Find the solution set of the equation three over 𝑥 plus three minus four over 𝑥 minus three is equal to three in the set of real values, giving values to one decimal place.

It might not be immediately obvious how we can solve the equation in this question. One strategy for an equation of this type is to try and eliminate the denominators by firstly finding the lowest common denominator. When adding one-third and one-quarter, the easiest way to find a common denominator is to multiply the two denominators together. Three multiplied by four is equal to 12. Therefore, our common denominator is equal to 12. Whilst our equation is more complicated, we can use the same method. We have denominators of 𝑥 plus three and 𝑥 minus three. Multiplying these together, we have 𝑥 plus three multiplied by 𝑥 minus three. By multiplying each of the three terms in our equation by this, we will be able to eliminate the denominators.

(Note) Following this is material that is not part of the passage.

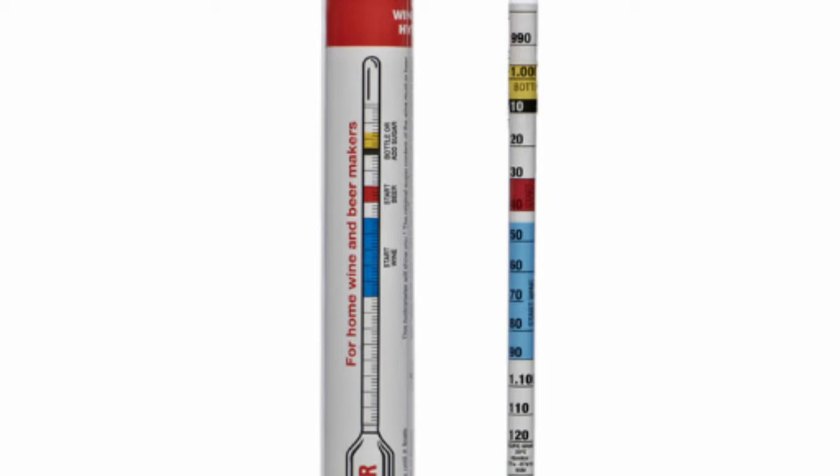1.000 is highlighted in yellow. Now, you'll also notice there is another mark below it, which is 0.990. The reason that's there is because alcohol is actually less dense than water. So if you get a truly dry fermentation — drier than a badger's butt crack — it will read less than water. That's why the 0.990 is there. That is technically 0 for your alcohol.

Multiplying the first term by 𝑥 plus three and 𝑥 minus three gives us three 𝑥 plus three 𝑥 minus three divided by 𝑥 plus three. This simplifies to three multiplied by 𝑥 minus three. The second term becomes negative four multiplied by 𝑥 plus three multiplied by 𝑥 minus three divided by 𝑥 minus three. This time we can cancel a factor of 𝑥 minus three from the numerator and denominator, leaving us with negative four multiplied by 𝑥 plus three. On the right-hand side, we have three multiplied by 𝑥 plus three multiplied by 𝑥 minus three.

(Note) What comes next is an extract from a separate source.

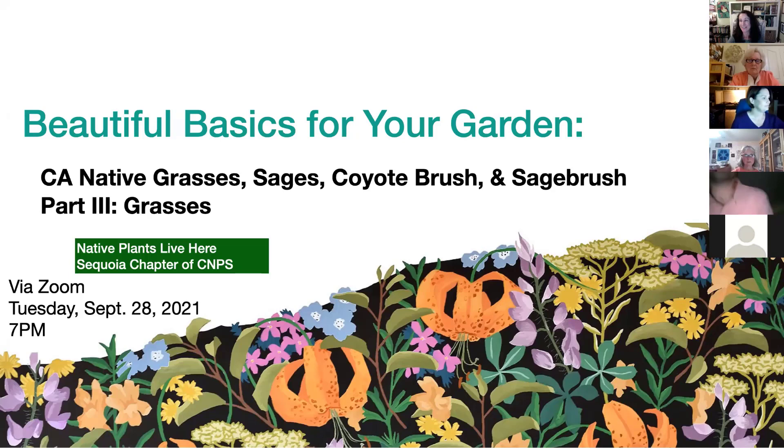Welcome. This is the third in our series that we started in the spring, and this will be on grasses and grass-like plants for the California native garden.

At this stage, we might notice that 𝑥 plus three multiplied by 𝑥 minus three is the factorization of the difference of two squares. We know that 𝑥 squared minus 𝑎 squared is equal to 𝑥 plus 𝑎 multiplied by 𝑥 minus 𝑎. This means that 𝑥 plus three multiplied by 𝑥 minus three is equal to 𝑥 squared minus nine. The right-hand side of our equation becomes three multiplied by 𝑥 squared minus nine.

Our next step is to distribute the parentheses or expand the brackets. This gives us three 𝑥 minus nine. On the left-hand side, we also have negative four 𝑥 minus 12. And on the right-hand side, we have three 𝑥 squared minus 27. The left-hand side simplifies to negative 𝑥 minus 21. We can then add 𝑥 and 21 to both sides of the equation such that three 𝑥 squared plus 𝑥 minus six equal zero. This is a quadratic equation written in the form 𝑎𝑥 squared plus 𝑏𝑥 plus 𝑐 equals zero.

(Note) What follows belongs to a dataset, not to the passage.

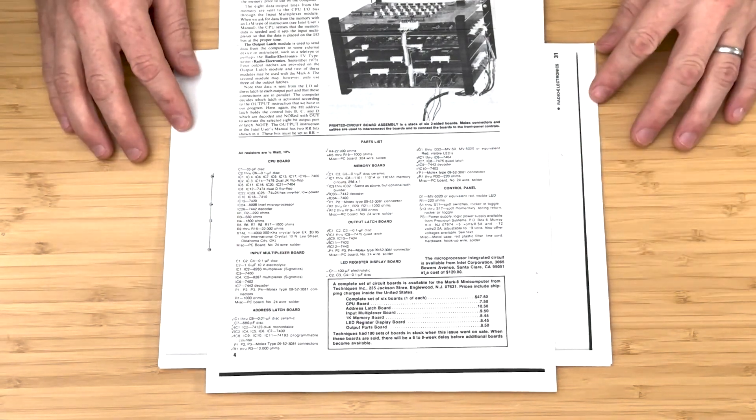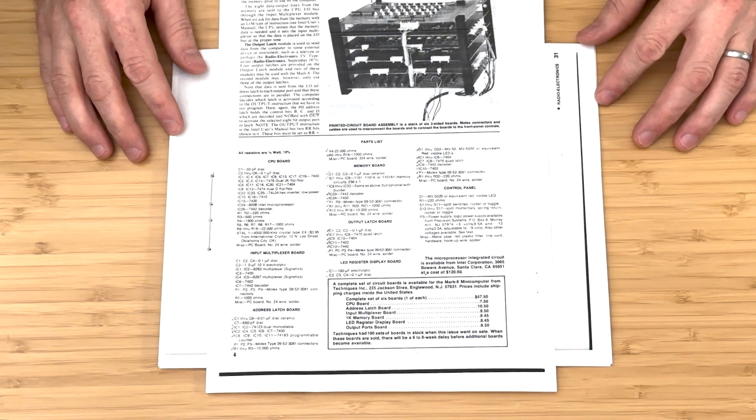I'll include the assembly instructions and parts list in the video description. Let's get started!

We know that one way to solve an equation of this type, where 𝑎, 𝑏, and 𝑐 are constants and 𝑎 is nonzero, is using the quadratic formula. This states that 𝑥 is equal to negative 𝑏 plus or minus the square root of 𝑏 squared minus four 𝑎𝑐 all divided by two 𝑎. If the value of 𝑏 squared minus four 𝑎𝑐, known as the discriminant, is greater than or equal to naught, the equation will have real solutions. In our equation, the values of 𝑎, 𝑏, and 𝑐 are three, one, and negative six, respectively. This means that 𝑥 is equal to negative one plus or minus the square root of one squared minus four multiplied by three multiplied by negative six all divided by two multiplied by three. This simplifies to negative one plus or minus the square root of 73 all divided by six.

We have two possible solutions either 𝑥 is equal to negative one plus the square root of 73 divided by six or 𝑥 is equal to negative one minus the square root of 73 divided by six. Typing these into the calculator, we have 𝑥 is equal to 1.257 and so on or 𝑥 is equal to negative 1.590 and so on. We have been asked to give our solutions to one decimal place. The solution set of the equation three over 𝑥 plus three minus four over 𝑥 minus three equals three contains the values 1.3 and negative 1.6 correct to one decimal place.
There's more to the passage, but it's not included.